In an active-passive configuration, one trunk carries all live traffic while a second trunk sits idle, ready to take over if the primary fails. The failover is triggered by a detection mechanism — typically SIP OPTIONS messages sent at regular intervals, or by monitoring for registration failures or connection timeouts.

Active-passive is simpler to configure and easier to troubleshoot. All traffic flows through a single known path under normal conditions, which makes call quality monitoring and CDR reconciliation more straightforward. The tradeoff is that failover takes time — typically seconds to a minute depending on detection interval settings — which means there is a window during which calls may fail or drop.

Active-passive suits deployments where cost efficiency is prioritised and brief interruptions during failover are acceptable. It is not suitable for environments where even momentary call disruption is unacceptable, such as emergency services or high-frequency trading support lines.

Active-active configuration

In an active-active configuration, two or more trunks carry live traffic simultaneously, typically through load balancing at the session border controller level. Traffic is distributed across both paths according to a configured weighting or round-robin algorithm. If one trunk degrades or fails, traffic shifts immediately to the remaining trunk without a failover delay.

Active-active provides true continuous availability — there is no detection-and-switch latency, because traffic is already flowing on both paths. It also allows the full capacity of both trunks to be utilised under normal load, whereas active-passive leaves the secondary trunk's capacity unused except during failover events.

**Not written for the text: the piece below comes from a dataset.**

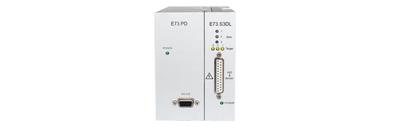 E73.S3DL系列压电控制器 三通道 带有闭环反馈 PC通信功能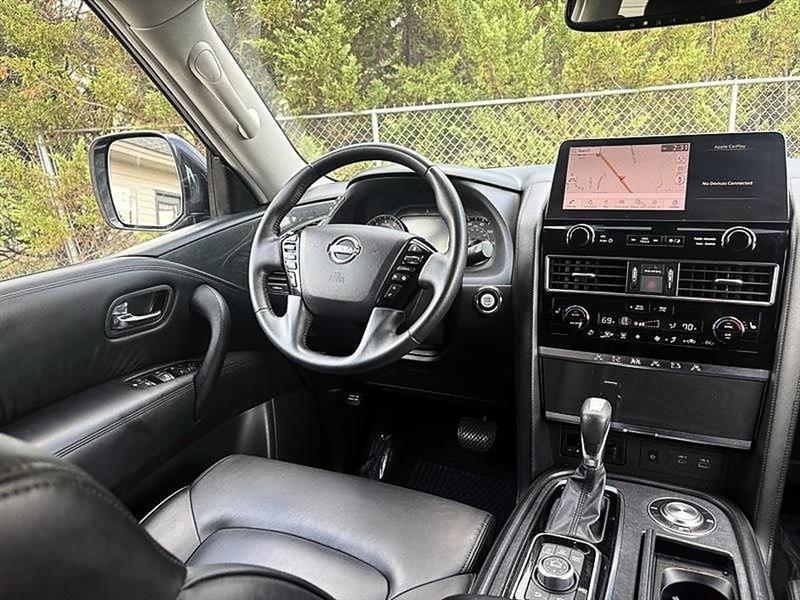 Nissan Armada  2023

The complexity tradeoff is real. Active-active requires more sophisticated SBC configuration, careful attention to call routing logic to prevent loops, and more detailed CDR monitoring to ensure that billing and quality data from both paths is correctly reconciled. SIP registration management across two active trunks also requires careful configuration to avoid registration conflicts.

Geographic diversity

Neither configuration provides meaningful redundancy if both trunks terminate at the same physical point of presence. True resilience requires geographic diversity — primary and secondary trunks terminating at geographically separate PoPs, ideally connected via different network paths. A carrier maintenance event or datacenter outage that affects one PoP should not affect the other.

Infinititel maintains geographically diverse PoPs in Melbourne and Sydney for Australian interconnects, New York and Dallas for US traffic, and London for UK traffic. Partners configuring redundant trunks should use PoPs in different locations rather than two trunks terminating at the same facility.

Detection and failover timing

For active-passive configurations, the detection interval determines how quickly failover triggers. SIP OPTIONS heartbeats sent every 30 seconds with a two-failure threshold before failover give a worst-case detection time of around 60 seconds. Reducing the interval to 10 seconds with a single-failure threshold reduces that to 10–20 seconds, at the cost of more SIP signalling overhead and a higher risk of false-positive failovers on transient network events.

Most production environments use a 30-second OPTIONS interval with a two-failure threshold as a reasonable balance. High-availability environments where sub-minute failover is required should consider active-active instead.

Testing your redundancy

Redundant configuration that has never been tested under realistic conditions provides limited assurance. Periodic failover testing — deliberately taking the primary trunk offline during a low-traffic window and verifying that calls route correctly via the secondary — is the only reliable way to confirm that the configuration works as intended. Testing should include both new call origination and in-progress call handling during the failover event.

Note

This article is for informational purposes and does not constitute legal or regulatory advice. Requirements change over time. Consult a qualified telecommunications lawyer for advice specific to your situation.